German V12 petrol engine

The Maybach HL230 was a water-cooled 60° 23-litre V12 petrol engine. It was one of many different sized engines designed by Maybach. It was used during World War II in medium and heavy German tanks – the Panther, Jagdpanther, Tiger II, Jagdtiger (HL230 P30), and later versions of the Tiger I and Sturmtiger (HL230 P45).

==Description==
===HL 210===
The HL 230 engine was an upgraded version of the slightly smaller HL210 engine which was used to equip the first 250 Tiger I tanks built, and which had an aluminium crankcase and block. The earlier HL210 engine had a displacement of 21353 cc or 1779 cc per cylinder; with a bore of 125 mm and stroke of 145 mm.

===HL 230===
With the HL230, engine bore was increased from 125 to 130 mm. It had a displacement of 23095 cc, or 1925 cc per cylinder from a bore of 130 mm and stroke of 145 mm. The maximum power output was 700 PS at 3,000 rpm. Maximum torque is 1850 Nm at 2,100 rpm. Typical output was 600 PS at 2,500 rpm.

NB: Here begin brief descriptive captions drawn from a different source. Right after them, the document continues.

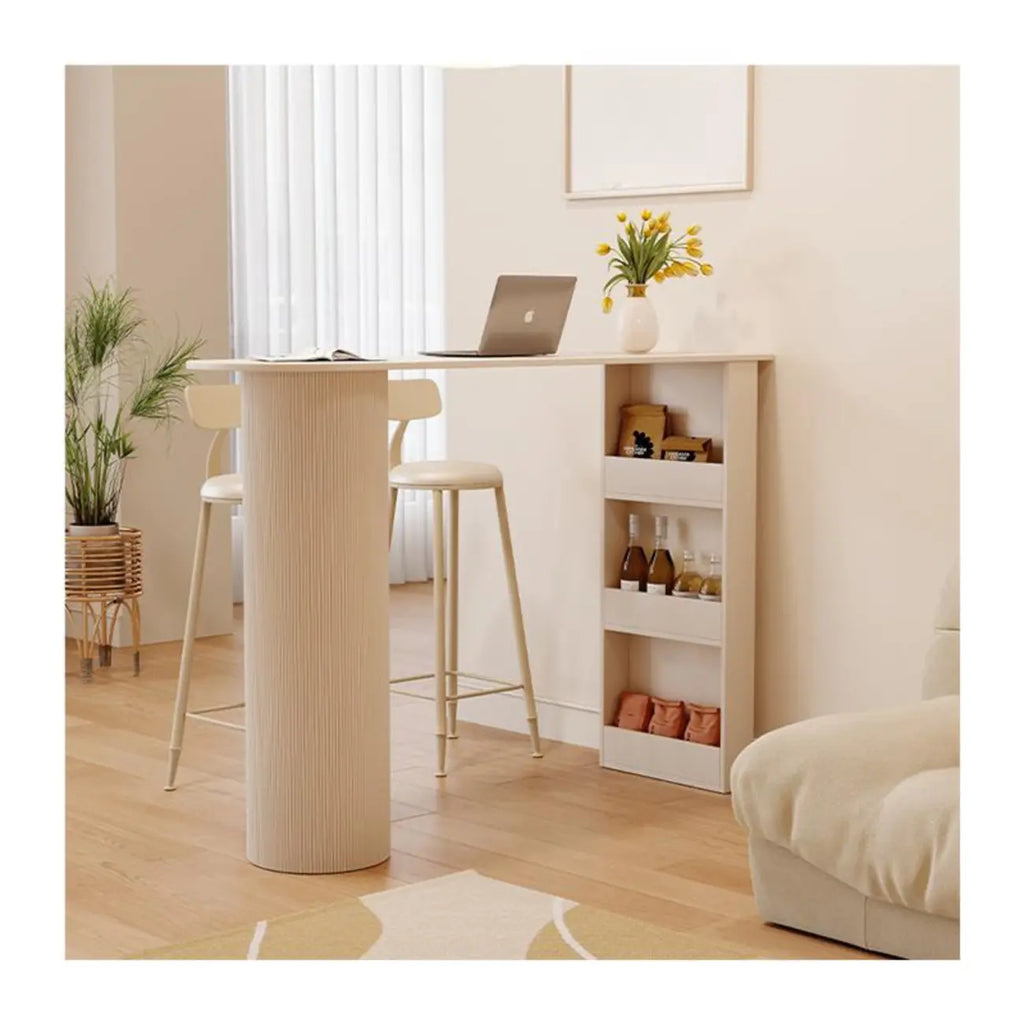 Modern Free Form White Stone Metal 3-Tier Shelf Bar Tables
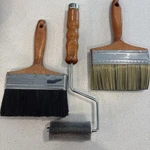 Ralph Lauren Check Roller, Denim And Linen Weaver Brush Set. Fixed Price $29.95.
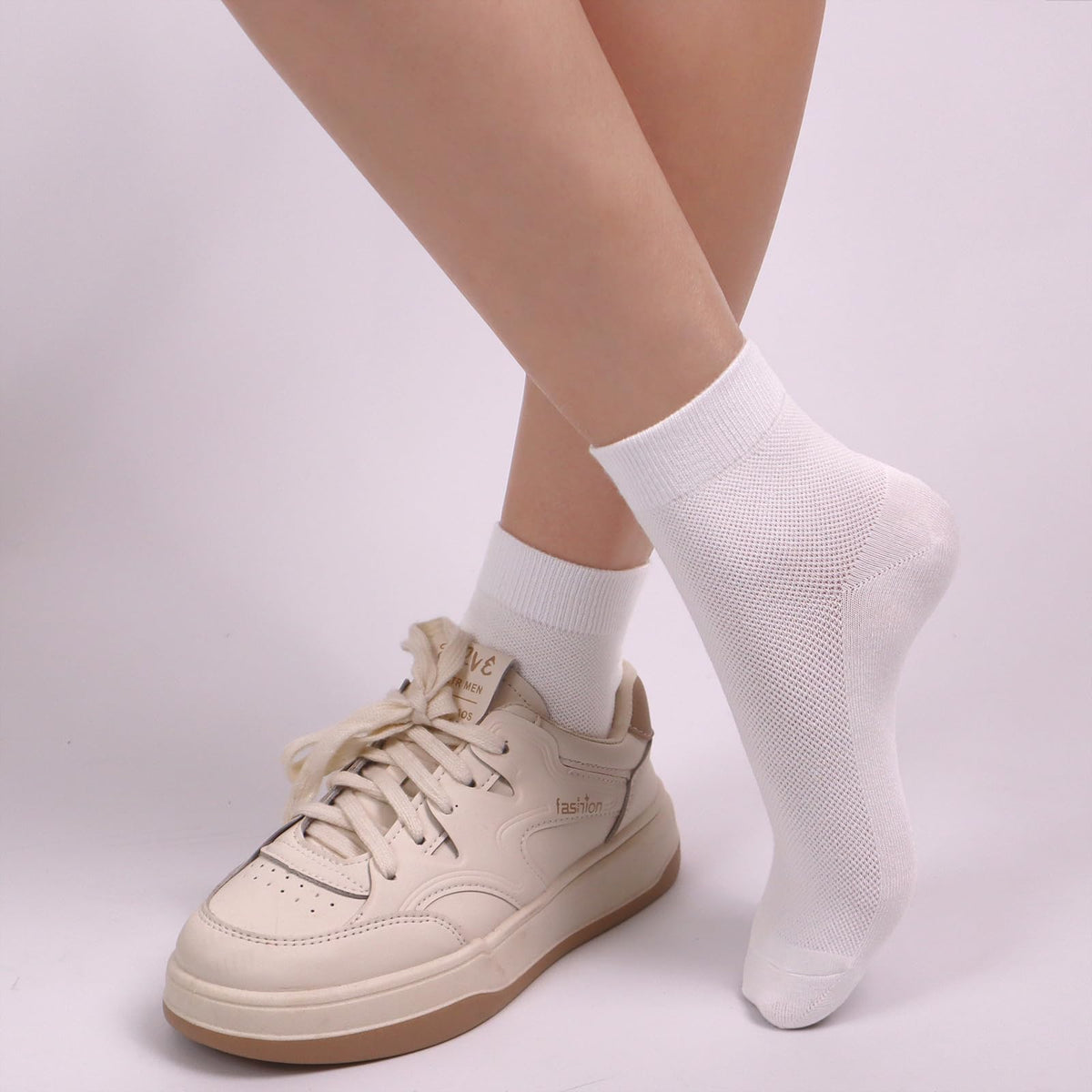 Women Thin Viscose Bamboo Above Ankle Crew Socks 5 Pairs E818566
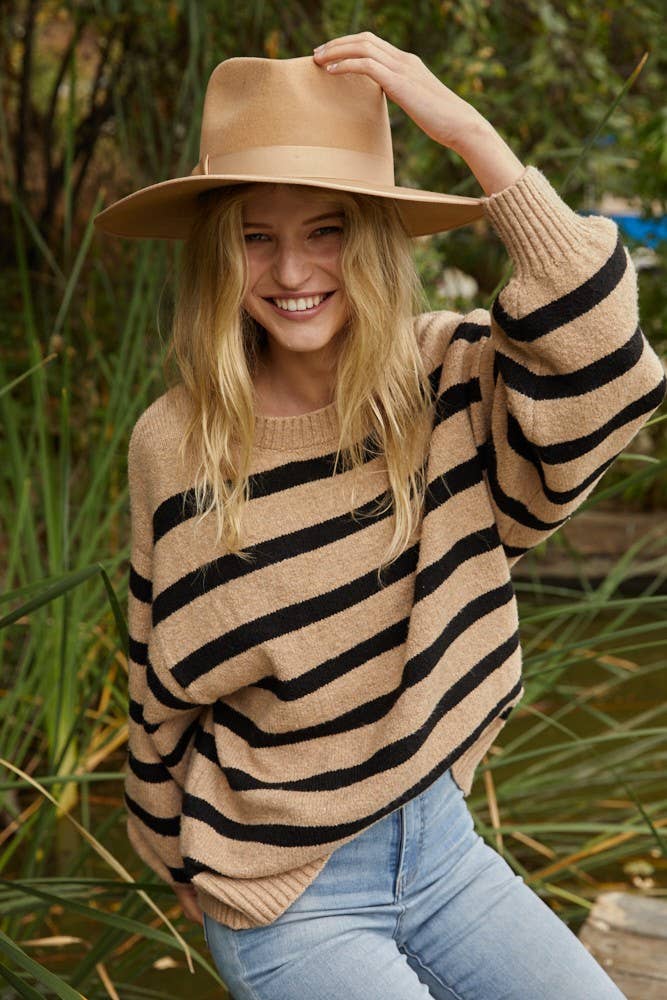 By Together Oversized Striped Sweater Top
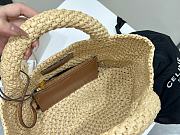 Fortok Celine Triomphe Panier Tote Bag in Raffia and Tan Leather 23x22x23cm - 4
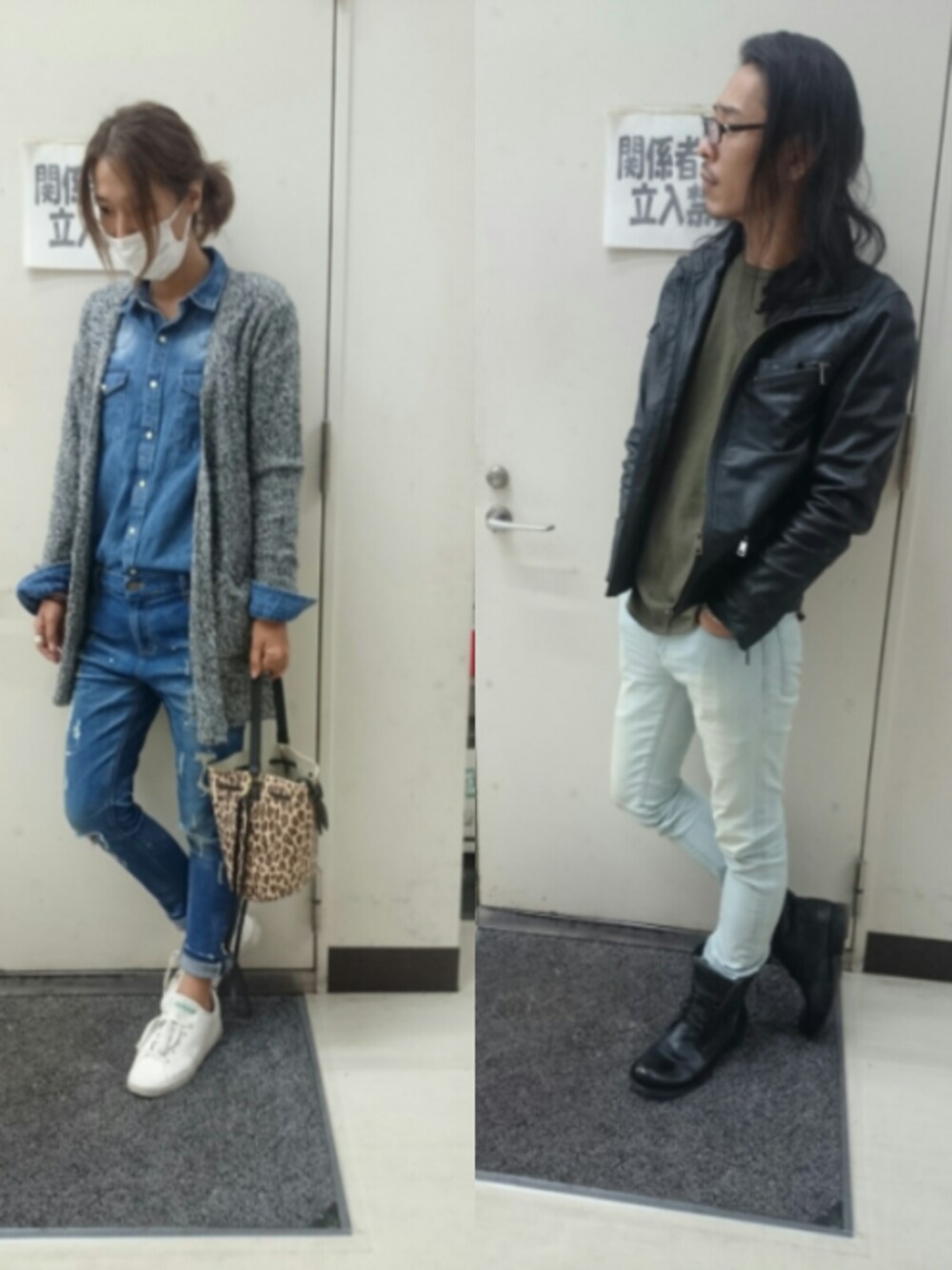 ブラック系のカーディガン/ボレロ、ブルー系のシャツ/ブラウス、ブルー系のデニムパンツを着用したレディースの秋コーディネートの1枚目の写真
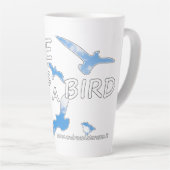 Vrij als vogelvrij latte mok (Rechterhoek)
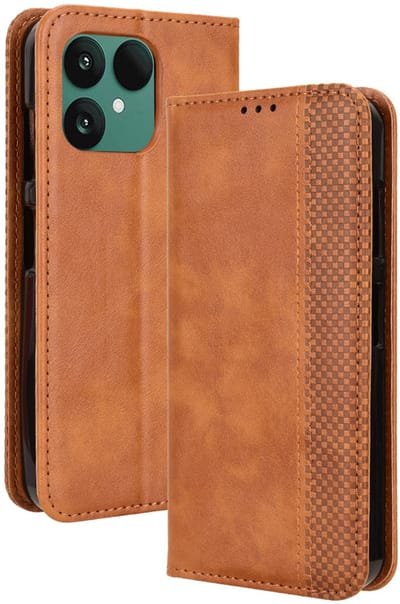 Telestore - Telefoonhoesje geschikt voor de Fairphone 6 / Fairphone 6+ - book-case agenda wallet hoesje - retro bruin ruit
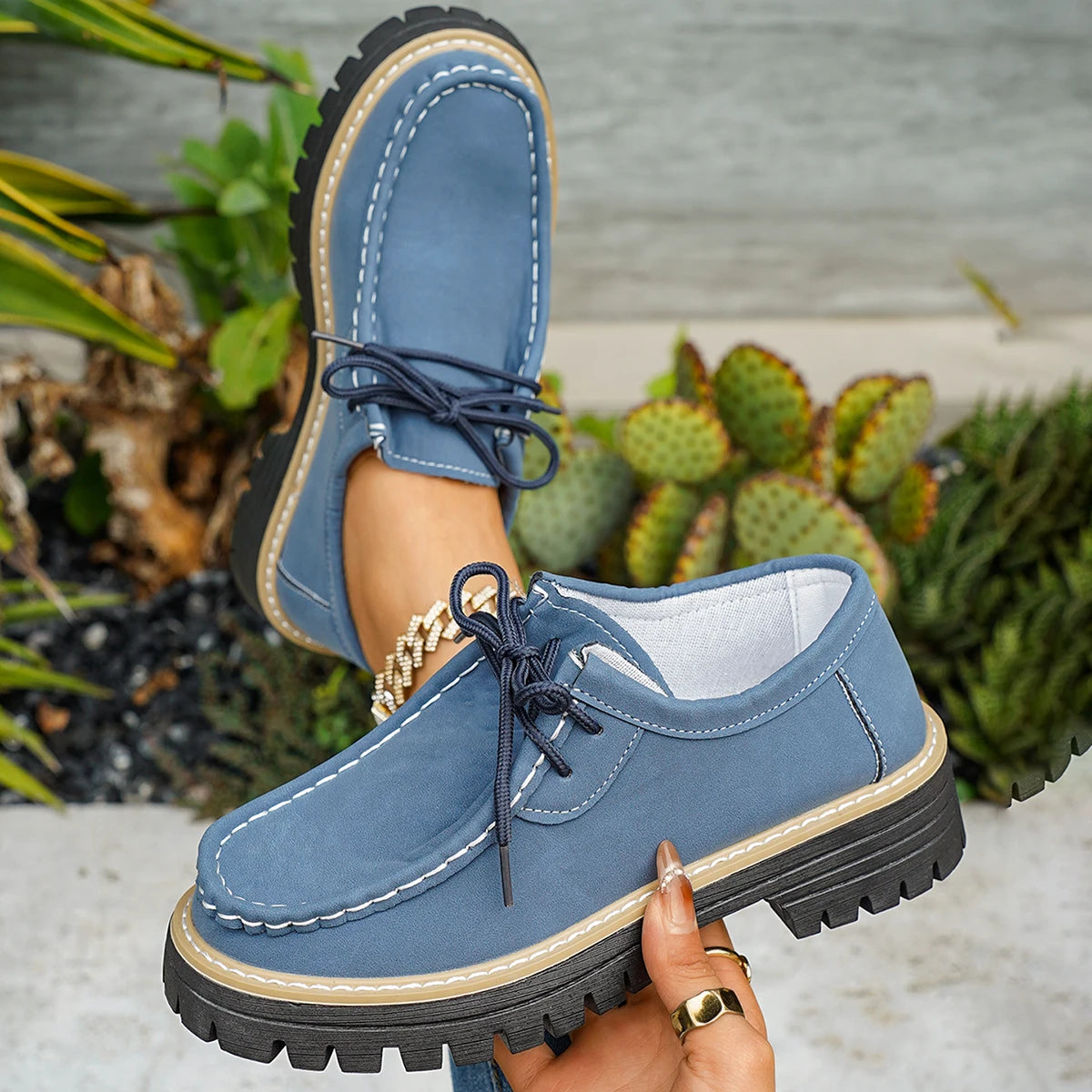 Woman Loafers Round Toe Rubber Outsole Sneakers Women Retro Autumn Large Size Shoes Ladies Casual British Style Thick Heel Shoes Zpaxo Blue 40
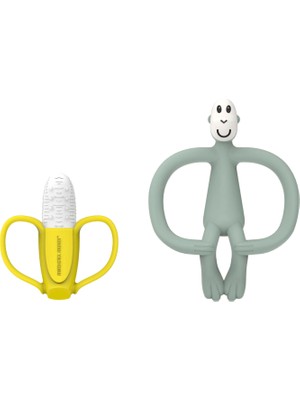 Matchstick Monkey Banana Mint Yeşili Silikon Diş Kaşıyıcı Seti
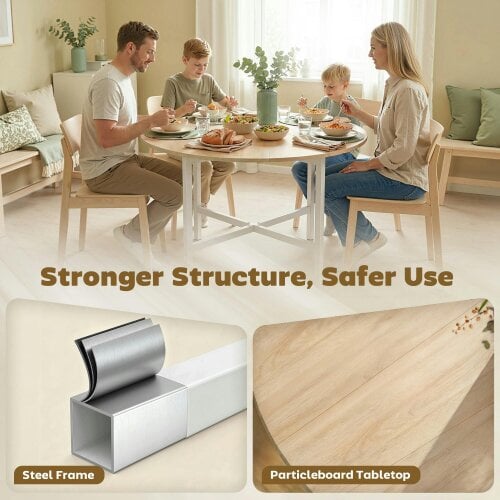 HOMCOM Folding Dining with Steel Frame for Small Spaces, Natural Wood Effect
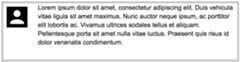 Example of a media object with profile image on the left side and lorem ipsum text to the right filling up 80% of the space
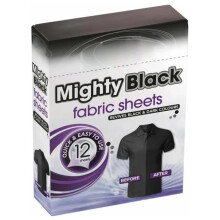 Mighty Black Fabric Revive Sheets 12 Pack Restores Faded Clothes, Prevents Greying, Laundry Colour Booster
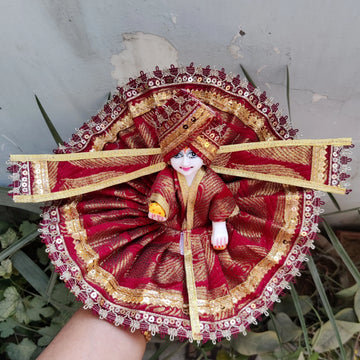 Fancy dress for laddu gopal ji in maroon color with patka and pagadi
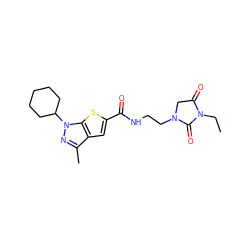 CCN1C(=O)CN(CCNC(=O)c2cc3c(C)nn(C4CCCCC4)c3s2)C1=O ZINC000114714474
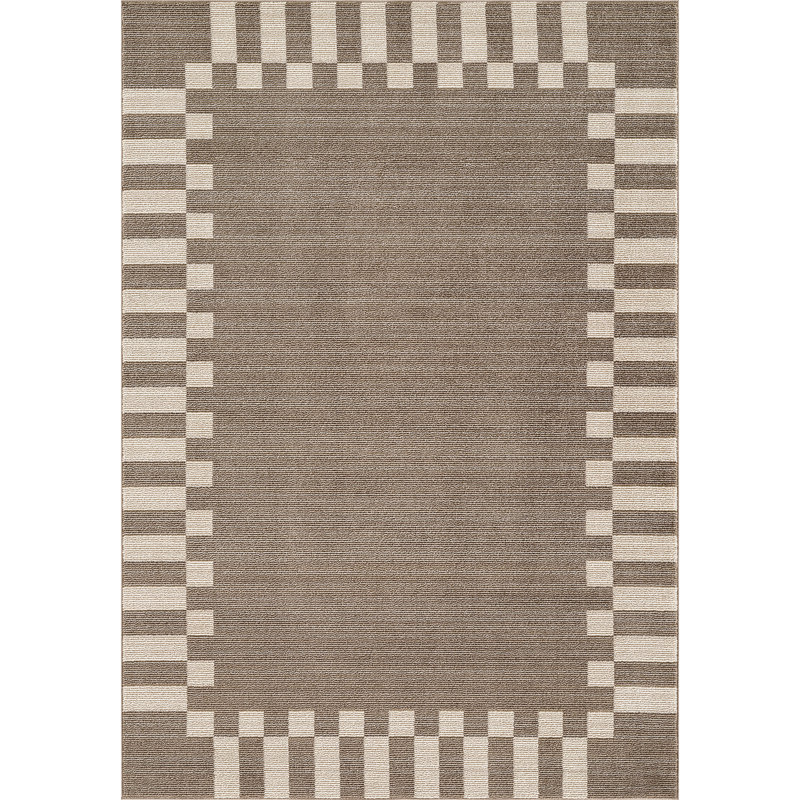 Fifth Avenue Check Border Rug, Brown,Off-White,Beige, Rectangle 152 x 225 cm
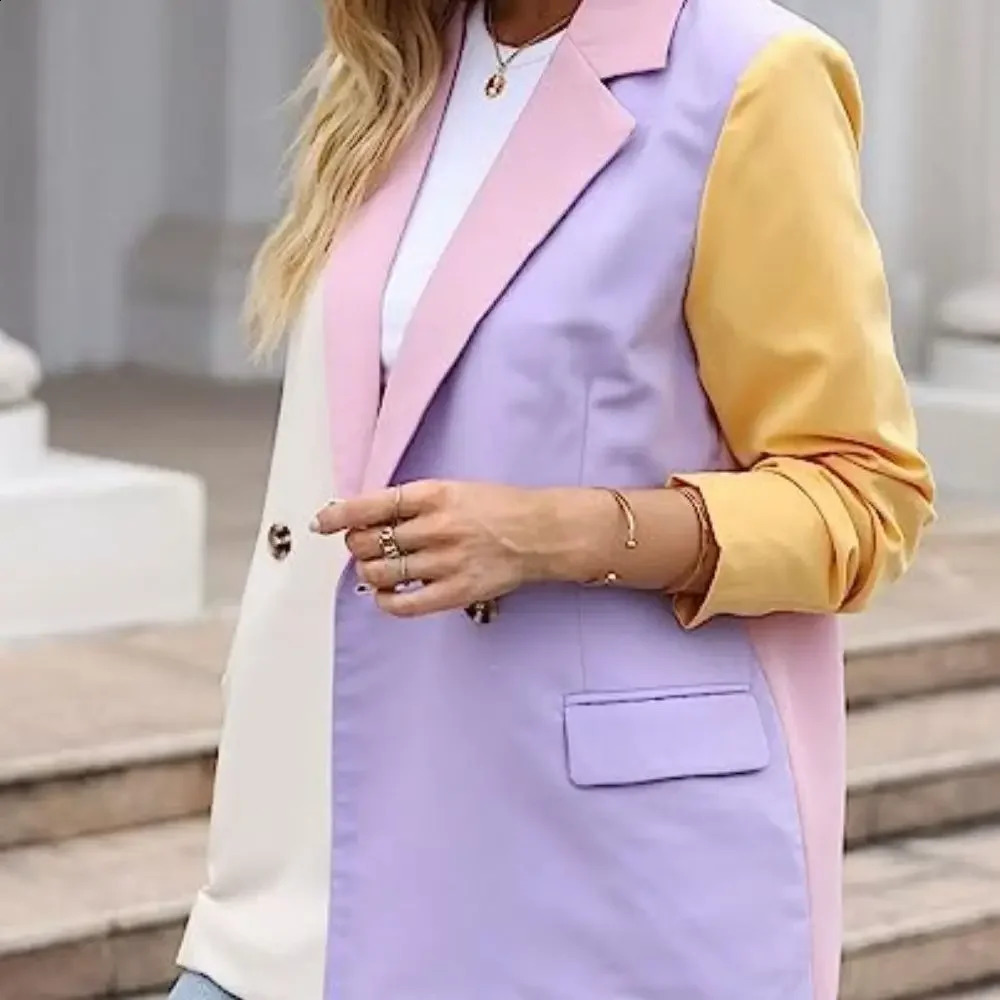 Womens casual business jacket spring summer autumn style lapel long sleeved polyester fiber pocket fashionable 250319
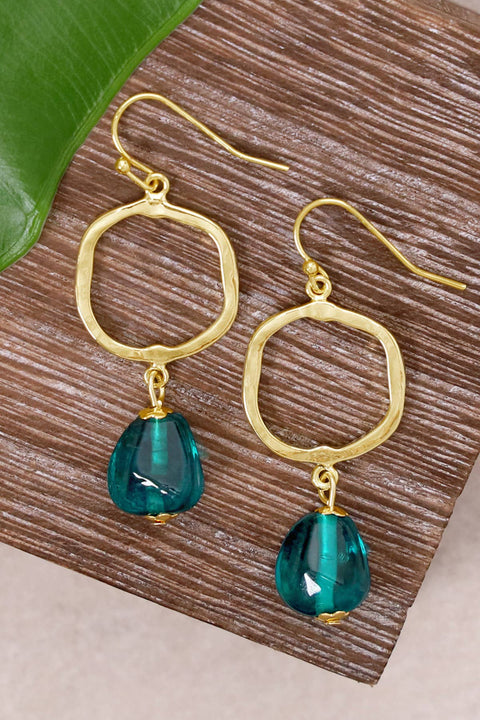 Teal Murano Glass & Freeform Drop Earrings - GF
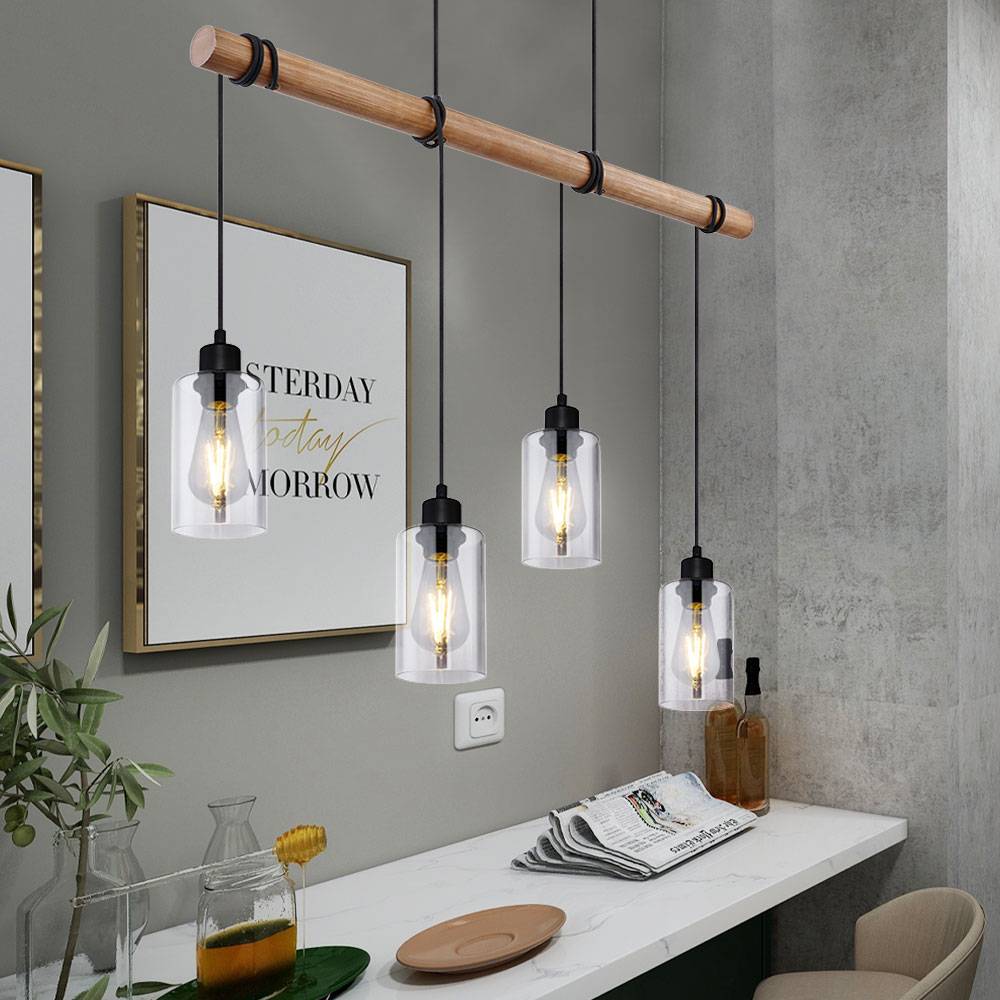 Pendelleuchte Holz Esszimmerlampe Hängeleuchte Holzpendellampe Hängelampe Esstisch, Glas rauch, 4x E27, LxH 98x130 cm, Wohnzimmer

The crankcase and block of the HL230 were made of grey cast iron and the cylinder heads from cast iron. The engine weighed 1200 kg and its dimensions were 1000 × 1190 × 1310 mm. Aspiration was provided by four twin-choke Solex type 52JFF carburettors. Ignition was by two magnetos. The compression ratio was 6.8:1. As was typical practice for Maybach, the engine used a tunnel crankshaft.

Late in the war the HL234 upgrade with fuel injection was recommended by the Entwicklungskommission Panzer for use in the underpowered Tiger II tank. The power output was expected to increase to between 800 and 900 PS, and with supercharging to 1100 to 1200 PS.

==Production==
Approximately 9,000 HL230s were produced in total by Maybach, Auto Union and Daimler-Benz.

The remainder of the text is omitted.